The equations can be simplified to describe a fully developed Poiseuille-type flow, with the interface in the middle of the microchannel, considering steady parallel flow and neglecting compressibility and gravitational forces (Žnidaršič-Plazl and Plazl 2007, 2009). The x-momentum equations therefore read:

$$ 0 = - \frac{\partial P}{\partial z} + \mu_{\text{w}} \left( {\frac{{\partial^{2} v}}{{\partial x^{2} }} + \frac{{\partial^{2} v}}{{\partial y^{2} }}} \right) $$

(3)

$$ 0 = - \frac{\partial P}{\partial z} + \mu_{\text{h}} \left( {\frac{{\partial^{2} u}}{{\partial x^{2} }} + \frac{{\partial^{2} u}}{{\partial y^{2} }}} \right) $$

(4)

with no-slip boundary conditions at the walls and:

$$ \mu_{\text{w}} \frac{{\partial v({W \mathord{\left/ {\vphantom {W 2}} \right. \kern-\nulldelimiterspace} 2},x)}}{\partial y} = \mu_{\text{h}} \frac{{\partial v({W \mathord{\left/ {\vphantom {W 2}} \right. \kern-\nulldelimiterspace} 2},x)}}{\partial y};\,0 < x < L $$

(5)

at the interface, where z is in the direction of convection and x and y planes are perpendicular. μ _w is the dynamic viscosity of the water phase, μ _h is the dynamic viscosity of the n-hexane phase, v is the z-dimensional linear velocity in the water phase, and u is the z-dimensional linear velocity in the n-hexane phase. W represents the microchannel width and L the length. For the calculation, the experimental observation of the ratio of flow rates required to position the interface in the middle is needed.

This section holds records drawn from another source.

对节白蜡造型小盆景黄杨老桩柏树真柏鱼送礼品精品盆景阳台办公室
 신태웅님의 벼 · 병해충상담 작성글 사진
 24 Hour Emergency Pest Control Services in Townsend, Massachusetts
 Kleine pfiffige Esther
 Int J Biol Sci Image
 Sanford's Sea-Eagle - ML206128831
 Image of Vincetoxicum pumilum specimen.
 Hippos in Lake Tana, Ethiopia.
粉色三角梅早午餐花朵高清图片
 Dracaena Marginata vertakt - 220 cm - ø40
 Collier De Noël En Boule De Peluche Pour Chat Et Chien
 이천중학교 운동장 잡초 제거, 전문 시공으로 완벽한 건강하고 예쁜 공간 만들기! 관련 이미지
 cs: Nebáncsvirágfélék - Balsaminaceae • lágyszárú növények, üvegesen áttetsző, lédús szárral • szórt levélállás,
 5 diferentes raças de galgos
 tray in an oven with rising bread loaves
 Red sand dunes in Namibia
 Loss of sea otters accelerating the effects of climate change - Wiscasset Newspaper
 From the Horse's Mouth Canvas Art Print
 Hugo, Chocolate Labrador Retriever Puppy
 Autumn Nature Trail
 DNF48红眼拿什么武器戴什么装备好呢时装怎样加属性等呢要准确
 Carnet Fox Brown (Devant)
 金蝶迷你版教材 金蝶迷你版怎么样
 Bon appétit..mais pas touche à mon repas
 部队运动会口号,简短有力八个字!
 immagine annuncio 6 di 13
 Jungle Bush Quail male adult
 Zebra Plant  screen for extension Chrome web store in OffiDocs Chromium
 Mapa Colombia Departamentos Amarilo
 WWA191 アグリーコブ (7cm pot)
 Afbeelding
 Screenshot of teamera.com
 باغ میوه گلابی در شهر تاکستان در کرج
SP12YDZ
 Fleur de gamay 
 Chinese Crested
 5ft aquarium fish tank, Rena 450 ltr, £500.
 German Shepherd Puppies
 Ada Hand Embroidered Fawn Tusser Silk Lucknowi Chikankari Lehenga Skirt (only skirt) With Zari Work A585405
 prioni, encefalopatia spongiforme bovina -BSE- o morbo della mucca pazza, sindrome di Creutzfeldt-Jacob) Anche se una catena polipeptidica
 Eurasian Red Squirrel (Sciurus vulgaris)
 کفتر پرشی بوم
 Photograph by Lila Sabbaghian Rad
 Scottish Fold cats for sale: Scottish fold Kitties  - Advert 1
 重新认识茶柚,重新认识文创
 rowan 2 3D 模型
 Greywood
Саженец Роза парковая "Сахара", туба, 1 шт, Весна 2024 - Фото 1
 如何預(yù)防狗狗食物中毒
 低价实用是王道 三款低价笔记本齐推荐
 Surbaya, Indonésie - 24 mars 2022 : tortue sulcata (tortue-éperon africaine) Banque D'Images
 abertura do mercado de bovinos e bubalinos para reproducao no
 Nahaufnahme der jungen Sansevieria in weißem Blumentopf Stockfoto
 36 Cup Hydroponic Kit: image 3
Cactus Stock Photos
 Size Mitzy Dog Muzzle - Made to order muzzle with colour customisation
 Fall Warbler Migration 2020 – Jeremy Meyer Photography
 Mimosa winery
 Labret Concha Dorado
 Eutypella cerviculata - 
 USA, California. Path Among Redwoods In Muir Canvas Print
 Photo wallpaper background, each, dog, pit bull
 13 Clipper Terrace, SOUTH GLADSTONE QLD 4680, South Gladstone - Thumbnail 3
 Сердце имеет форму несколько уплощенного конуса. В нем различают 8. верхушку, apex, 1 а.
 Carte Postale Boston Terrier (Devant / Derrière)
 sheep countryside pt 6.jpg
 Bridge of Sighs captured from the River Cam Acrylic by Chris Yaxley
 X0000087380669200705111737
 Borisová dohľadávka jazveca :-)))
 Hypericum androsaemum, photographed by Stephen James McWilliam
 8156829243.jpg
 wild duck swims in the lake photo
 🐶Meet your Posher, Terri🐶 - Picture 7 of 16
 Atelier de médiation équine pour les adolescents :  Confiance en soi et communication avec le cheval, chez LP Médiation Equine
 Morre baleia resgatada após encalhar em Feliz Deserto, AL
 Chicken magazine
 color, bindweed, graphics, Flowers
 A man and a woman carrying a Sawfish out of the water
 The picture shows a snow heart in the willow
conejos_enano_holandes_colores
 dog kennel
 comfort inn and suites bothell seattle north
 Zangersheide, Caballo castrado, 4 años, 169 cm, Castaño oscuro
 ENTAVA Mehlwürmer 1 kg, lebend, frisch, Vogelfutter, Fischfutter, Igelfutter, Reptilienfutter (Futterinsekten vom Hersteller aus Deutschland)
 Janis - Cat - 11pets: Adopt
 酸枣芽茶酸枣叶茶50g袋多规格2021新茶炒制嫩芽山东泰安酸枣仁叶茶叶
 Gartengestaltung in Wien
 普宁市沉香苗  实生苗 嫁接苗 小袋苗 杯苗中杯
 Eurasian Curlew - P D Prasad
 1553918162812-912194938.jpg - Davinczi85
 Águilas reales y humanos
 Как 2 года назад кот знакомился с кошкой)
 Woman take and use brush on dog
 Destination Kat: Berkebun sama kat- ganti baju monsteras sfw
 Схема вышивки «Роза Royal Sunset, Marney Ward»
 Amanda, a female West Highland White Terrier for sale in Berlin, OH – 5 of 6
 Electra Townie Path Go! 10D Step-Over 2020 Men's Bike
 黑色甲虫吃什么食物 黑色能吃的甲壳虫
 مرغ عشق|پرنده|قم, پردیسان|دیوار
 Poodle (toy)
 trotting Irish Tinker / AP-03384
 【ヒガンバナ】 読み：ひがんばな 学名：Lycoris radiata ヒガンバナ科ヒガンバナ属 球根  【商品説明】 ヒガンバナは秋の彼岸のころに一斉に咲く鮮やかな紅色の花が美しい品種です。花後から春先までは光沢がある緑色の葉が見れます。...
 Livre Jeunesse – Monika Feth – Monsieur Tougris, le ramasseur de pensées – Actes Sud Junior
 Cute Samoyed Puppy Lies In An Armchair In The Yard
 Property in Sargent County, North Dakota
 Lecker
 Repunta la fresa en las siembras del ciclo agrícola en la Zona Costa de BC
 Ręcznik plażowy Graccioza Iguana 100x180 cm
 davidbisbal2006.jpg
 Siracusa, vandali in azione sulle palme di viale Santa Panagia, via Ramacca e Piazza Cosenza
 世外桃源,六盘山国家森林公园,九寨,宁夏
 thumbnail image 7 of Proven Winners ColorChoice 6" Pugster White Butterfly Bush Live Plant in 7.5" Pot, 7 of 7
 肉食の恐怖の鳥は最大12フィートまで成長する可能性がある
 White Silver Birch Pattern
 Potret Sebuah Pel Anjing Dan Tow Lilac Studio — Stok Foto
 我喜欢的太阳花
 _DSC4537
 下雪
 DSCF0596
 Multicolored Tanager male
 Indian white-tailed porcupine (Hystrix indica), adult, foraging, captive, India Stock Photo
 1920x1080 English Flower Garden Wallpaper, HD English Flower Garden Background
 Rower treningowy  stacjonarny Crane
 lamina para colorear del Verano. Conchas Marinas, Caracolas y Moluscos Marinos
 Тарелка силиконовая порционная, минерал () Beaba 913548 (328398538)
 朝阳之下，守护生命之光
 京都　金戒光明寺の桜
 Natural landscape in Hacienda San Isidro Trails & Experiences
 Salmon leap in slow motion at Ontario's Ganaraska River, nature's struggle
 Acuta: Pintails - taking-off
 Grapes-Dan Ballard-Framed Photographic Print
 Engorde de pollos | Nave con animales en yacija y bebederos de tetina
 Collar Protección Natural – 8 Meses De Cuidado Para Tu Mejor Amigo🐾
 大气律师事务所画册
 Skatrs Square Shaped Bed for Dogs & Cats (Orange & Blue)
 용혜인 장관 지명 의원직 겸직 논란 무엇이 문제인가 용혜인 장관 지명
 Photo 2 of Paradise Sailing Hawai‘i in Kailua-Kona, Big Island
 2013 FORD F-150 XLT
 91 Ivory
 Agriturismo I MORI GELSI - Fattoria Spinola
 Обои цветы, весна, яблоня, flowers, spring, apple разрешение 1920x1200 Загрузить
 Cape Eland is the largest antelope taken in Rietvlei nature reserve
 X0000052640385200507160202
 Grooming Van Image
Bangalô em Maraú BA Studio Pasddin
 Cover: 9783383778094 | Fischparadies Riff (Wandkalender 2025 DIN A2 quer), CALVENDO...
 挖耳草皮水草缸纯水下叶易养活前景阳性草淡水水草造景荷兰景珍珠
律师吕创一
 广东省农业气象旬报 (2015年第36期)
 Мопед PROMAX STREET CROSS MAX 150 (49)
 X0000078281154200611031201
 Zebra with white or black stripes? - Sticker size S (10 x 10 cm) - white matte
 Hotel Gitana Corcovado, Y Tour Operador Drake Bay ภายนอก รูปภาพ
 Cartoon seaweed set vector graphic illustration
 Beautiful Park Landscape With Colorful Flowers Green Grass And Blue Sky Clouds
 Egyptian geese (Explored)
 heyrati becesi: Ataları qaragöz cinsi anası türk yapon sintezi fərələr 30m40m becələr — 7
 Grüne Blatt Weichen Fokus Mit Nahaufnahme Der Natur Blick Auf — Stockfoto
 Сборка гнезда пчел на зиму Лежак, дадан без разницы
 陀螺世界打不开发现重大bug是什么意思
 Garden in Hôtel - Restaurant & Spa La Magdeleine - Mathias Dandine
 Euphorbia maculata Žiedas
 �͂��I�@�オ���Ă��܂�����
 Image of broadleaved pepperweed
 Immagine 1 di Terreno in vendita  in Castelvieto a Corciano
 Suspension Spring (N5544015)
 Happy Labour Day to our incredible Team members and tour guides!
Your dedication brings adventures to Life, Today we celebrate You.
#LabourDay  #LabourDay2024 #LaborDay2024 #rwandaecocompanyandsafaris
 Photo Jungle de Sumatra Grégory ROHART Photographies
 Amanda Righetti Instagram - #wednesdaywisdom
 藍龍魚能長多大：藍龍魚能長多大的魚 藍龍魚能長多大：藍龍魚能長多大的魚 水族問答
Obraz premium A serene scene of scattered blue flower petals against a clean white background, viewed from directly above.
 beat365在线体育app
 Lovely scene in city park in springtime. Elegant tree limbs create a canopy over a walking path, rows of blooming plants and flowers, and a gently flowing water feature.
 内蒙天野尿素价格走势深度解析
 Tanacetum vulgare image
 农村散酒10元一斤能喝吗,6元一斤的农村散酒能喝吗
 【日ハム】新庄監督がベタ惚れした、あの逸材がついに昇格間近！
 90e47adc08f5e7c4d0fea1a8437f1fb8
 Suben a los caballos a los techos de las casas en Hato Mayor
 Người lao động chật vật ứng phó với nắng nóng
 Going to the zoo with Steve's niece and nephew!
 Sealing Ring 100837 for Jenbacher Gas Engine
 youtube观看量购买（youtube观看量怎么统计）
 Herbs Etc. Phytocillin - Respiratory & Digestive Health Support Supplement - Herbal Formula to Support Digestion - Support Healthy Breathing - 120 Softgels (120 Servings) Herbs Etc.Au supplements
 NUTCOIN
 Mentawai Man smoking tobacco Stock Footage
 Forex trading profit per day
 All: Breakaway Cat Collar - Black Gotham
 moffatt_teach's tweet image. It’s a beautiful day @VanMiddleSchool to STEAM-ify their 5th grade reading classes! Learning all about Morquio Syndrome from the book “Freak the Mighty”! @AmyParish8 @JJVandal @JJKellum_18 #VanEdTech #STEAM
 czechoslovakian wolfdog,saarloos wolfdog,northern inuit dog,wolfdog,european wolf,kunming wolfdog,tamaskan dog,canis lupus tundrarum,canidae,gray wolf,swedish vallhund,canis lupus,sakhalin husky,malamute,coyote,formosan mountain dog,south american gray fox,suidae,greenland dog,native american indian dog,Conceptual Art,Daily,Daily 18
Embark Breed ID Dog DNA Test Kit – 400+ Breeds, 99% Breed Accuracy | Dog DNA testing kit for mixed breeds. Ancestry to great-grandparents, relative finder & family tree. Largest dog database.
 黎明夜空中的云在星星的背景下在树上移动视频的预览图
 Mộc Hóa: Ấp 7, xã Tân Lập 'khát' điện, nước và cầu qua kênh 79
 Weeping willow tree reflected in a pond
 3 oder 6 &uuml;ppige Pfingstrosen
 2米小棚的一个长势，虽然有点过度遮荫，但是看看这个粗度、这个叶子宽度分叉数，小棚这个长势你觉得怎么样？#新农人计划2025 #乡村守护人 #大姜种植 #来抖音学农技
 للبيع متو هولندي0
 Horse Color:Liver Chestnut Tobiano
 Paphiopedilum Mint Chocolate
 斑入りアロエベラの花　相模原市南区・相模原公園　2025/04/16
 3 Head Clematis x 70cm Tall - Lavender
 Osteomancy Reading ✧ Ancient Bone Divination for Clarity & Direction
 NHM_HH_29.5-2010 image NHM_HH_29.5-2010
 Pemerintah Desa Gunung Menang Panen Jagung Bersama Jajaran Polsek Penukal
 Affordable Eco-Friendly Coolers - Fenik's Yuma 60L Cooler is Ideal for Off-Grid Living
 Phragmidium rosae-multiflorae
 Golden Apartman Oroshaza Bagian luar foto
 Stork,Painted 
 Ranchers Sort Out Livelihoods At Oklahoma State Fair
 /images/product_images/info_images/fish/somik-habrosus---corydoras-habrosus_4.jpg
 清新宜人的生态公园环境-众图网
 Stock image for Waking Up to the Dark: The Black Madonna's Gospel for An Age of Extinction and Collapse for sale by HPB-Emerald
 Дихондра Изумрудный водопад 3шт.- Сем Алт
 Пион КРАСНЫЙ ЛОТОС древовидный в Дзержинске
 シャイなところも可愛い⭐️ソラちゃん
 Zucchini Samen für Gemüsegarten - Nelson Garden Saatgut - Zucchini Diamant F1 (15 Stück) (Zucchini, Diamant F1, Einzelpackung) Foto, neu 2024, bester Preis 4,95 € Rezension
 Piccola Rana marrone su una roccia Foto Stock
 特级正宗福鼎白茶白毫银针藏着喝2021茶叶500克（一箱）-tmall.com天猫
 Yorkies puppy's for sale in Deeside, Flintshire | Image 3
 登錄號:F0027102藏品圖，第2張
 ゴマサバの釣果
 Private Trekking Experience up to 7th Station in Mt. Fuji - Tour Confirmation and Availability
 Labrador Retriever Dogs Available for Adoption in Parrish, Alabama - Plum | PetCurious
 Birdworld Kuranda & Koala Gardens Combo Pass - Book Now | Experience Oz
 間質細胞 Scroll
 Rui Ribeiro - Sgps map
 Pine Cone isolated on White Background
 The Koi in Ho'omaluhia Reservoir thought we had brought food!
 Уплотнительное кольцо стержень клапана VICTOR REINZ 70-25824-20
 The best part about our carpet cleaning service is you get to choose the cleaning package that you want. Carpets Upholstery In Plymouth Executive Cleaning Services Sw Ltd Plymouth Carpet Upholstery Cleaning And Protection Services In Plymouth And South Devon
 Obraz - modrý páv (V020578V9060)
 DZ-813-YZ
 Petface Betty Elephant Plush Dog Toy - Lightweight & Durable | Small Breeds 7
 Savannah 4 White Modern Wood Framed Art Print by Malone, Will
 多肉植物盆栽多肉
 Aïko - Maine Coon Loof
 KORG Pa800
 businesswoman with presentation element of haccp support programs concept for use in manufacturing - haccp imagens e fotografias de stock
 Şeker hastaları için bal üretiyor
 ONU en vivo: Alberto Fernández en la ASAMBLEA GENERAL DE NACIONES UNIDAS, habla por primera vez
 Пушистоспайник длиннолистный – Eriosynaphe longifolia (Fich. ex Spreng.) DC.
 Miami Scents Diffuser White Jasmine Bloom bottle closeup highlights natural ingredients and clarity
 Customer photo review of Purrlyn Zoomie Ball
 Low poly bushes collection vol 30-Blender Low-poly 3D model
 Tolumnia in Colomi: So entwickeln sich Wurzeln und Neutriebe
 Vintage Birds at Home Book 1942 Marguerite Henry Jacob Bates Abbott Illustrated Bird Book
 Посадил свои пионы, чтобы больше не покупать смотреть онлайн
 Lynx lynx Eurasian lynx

In this work, the full Navier–Stokes equations for incompressible flows in primitive variables in terms of the pressure and velocity were solved on a collocated grid using a finite difference domain discretization (Eqs. 1–2). Because there is no direct link for the pressure between the continuity and momentum equations, a mathematical procedure was applied for the coupling of velocities and pressure, specifically the introduction of artificial compressibility into the continuity (Andreson 1995). The artificial compressibility method for solving three dimensional steady incompressible viscous flows was compared to pressure-based methods in an article by Tamamidis et al. (1996). Their results showed that both methods are capable of producing results in reasonable agreement with experimental data and that predictions from pressure-based methods compare only slightly more favorably with measurements and well-resolved computations than the artificial compressibility method. The method was chosen due to the simple implementation of the code to three dimensions. Although the results were calculated for a steady-state problem, due to numerical consideration, a pseudo-transient scheme was incorporated. The artificial compressibility equation is:

$$ \frac{\partial p}{\partial t} + \frac{1}{\tau }\left( {\frac{\partial u}{\partial x} + \frac{\partial v}{\partial y} + \frac{\partial w}{\partial z}} \right) = 0 $$

(6)

where τ is the artificial compressibility.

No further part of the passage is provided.